(What is expected): With the pictures omitted, output word for word the lines from the one containing "Maison - 165 m² - 6 pièces" through the end of the records.

***** Study material *****

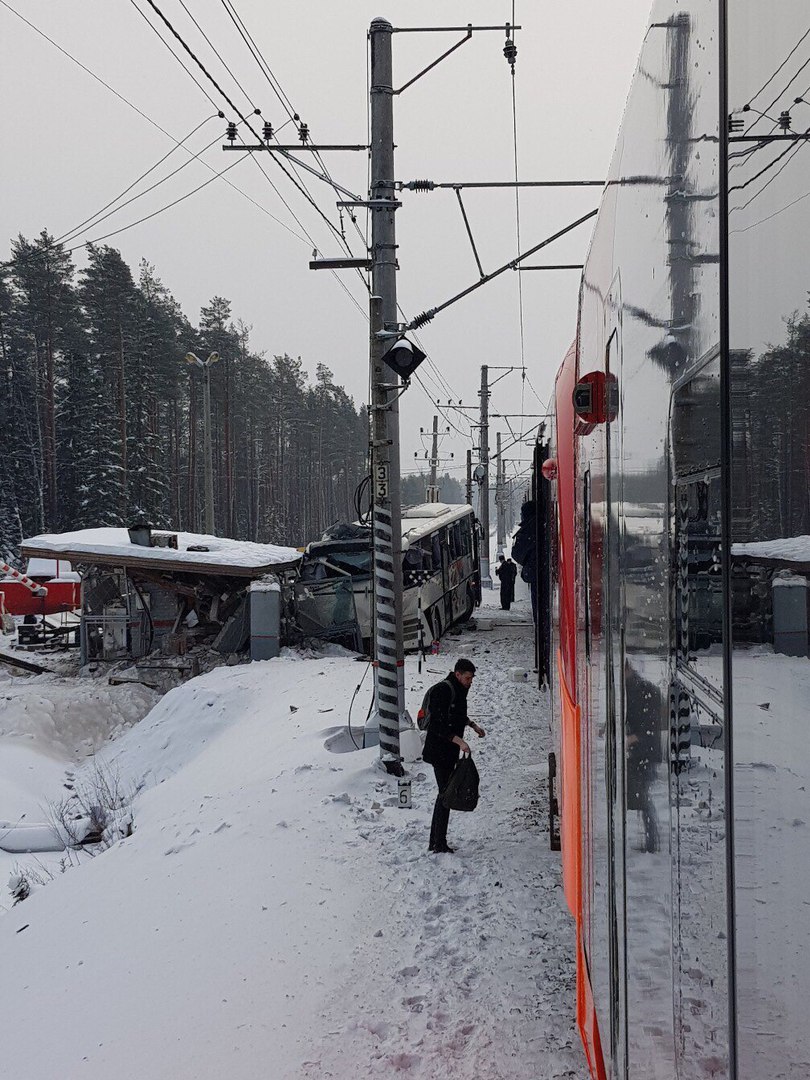 Rusya Leningrad tren otobüse çarptı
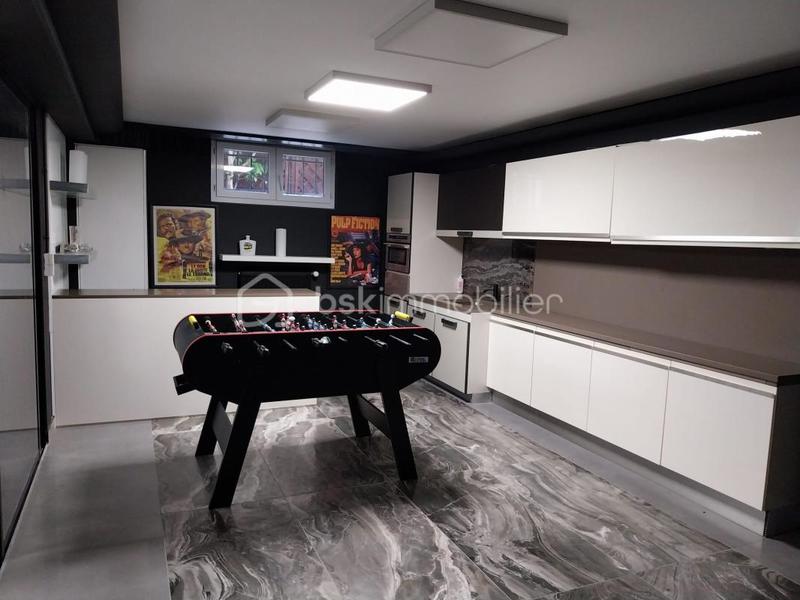 Maison - 165 m² - 6 pièces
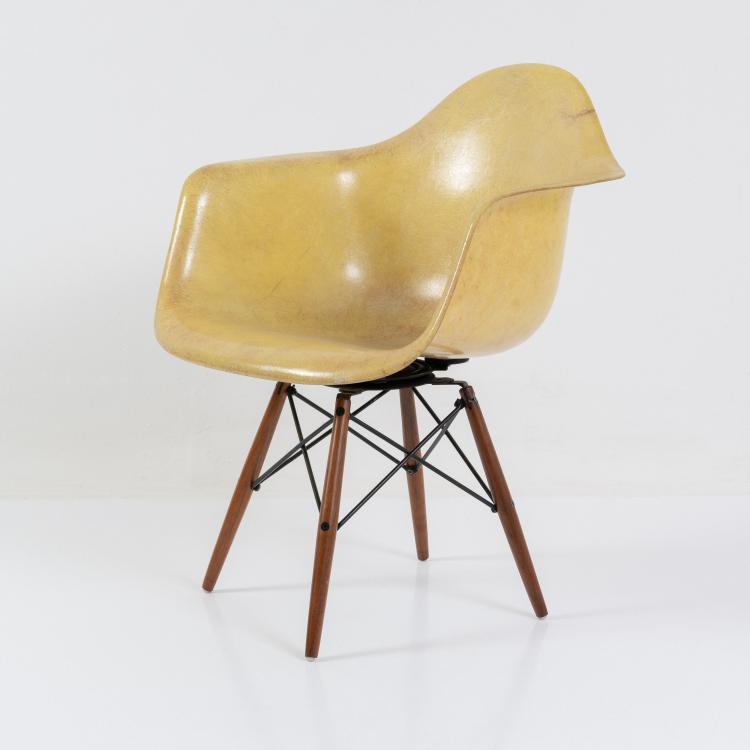 Bild 4 zu Objekt, Armlehnstuhl 'PAW' auf 'dowel-legged wood and wire base with swivel', 1950 (Entwurf), Charles Eames,Ray Eames, Herman Miller, Zeeland, 183A 222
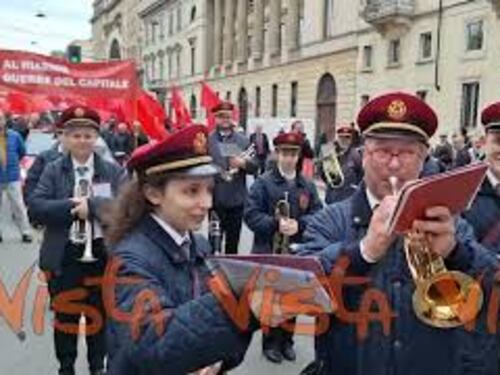1 maggio, al corteo di Milano si suona "Bella Ciao"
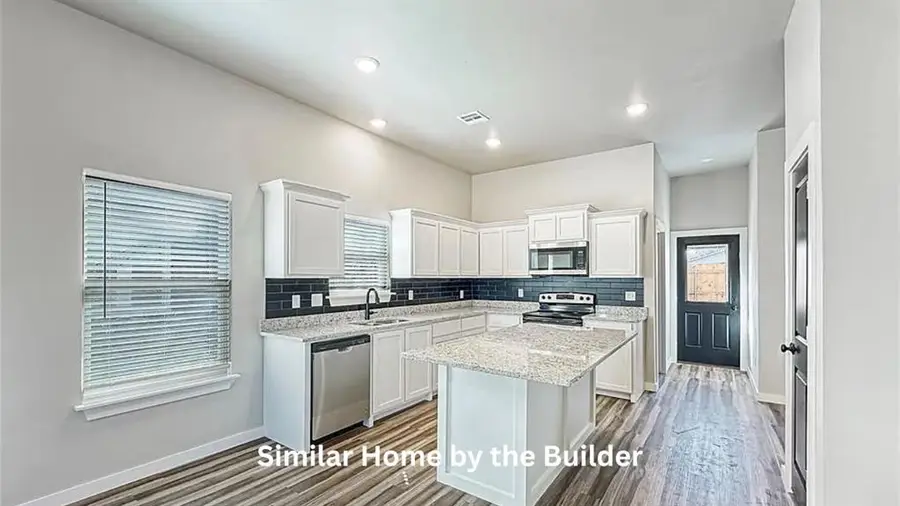 1808 SW Washington Avenue, Lawton, OK 73501 - #2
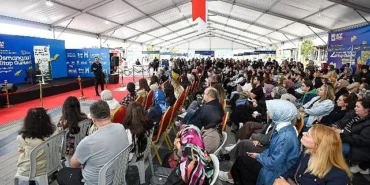 osmangazi-kitap-gunlerinde-edebiyat-psikoloji-ve-bilim-konusuldu.jpg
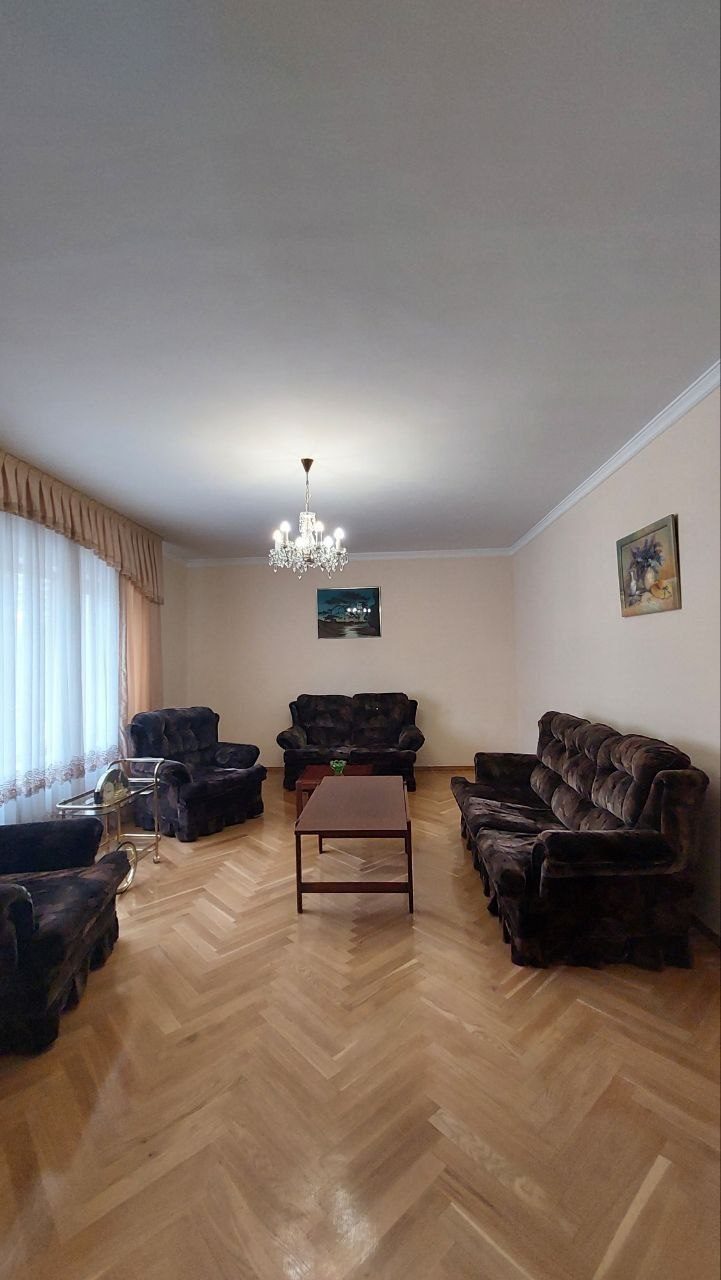 4-room apartment, 140 m², Tashkent, Yashnabad District, for rent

*****

(The answer):
 Maison - 165 m² - 6 pièces
 Bild 4 zu Objekt, Armlehnstuhl 'PAW' auf 'dowel-legged wood and wire base with swivel', 1950 (Entwurf), Charles Eames,Ray Eames, Herman Miller, Zeeland, 183A 222
1 maggio, al corteo di Milano si suona "Bella Ciao"
 1808 SW Washington Avenue, Lawton, OK 73501 - #2
 osmangazi-kitap-gunlerinde-edebiyat-psikoloji-ve-bilim-konusuldu.jpg
 4-room apartment, 140 m², Tashkent, Yashnabad District, for rent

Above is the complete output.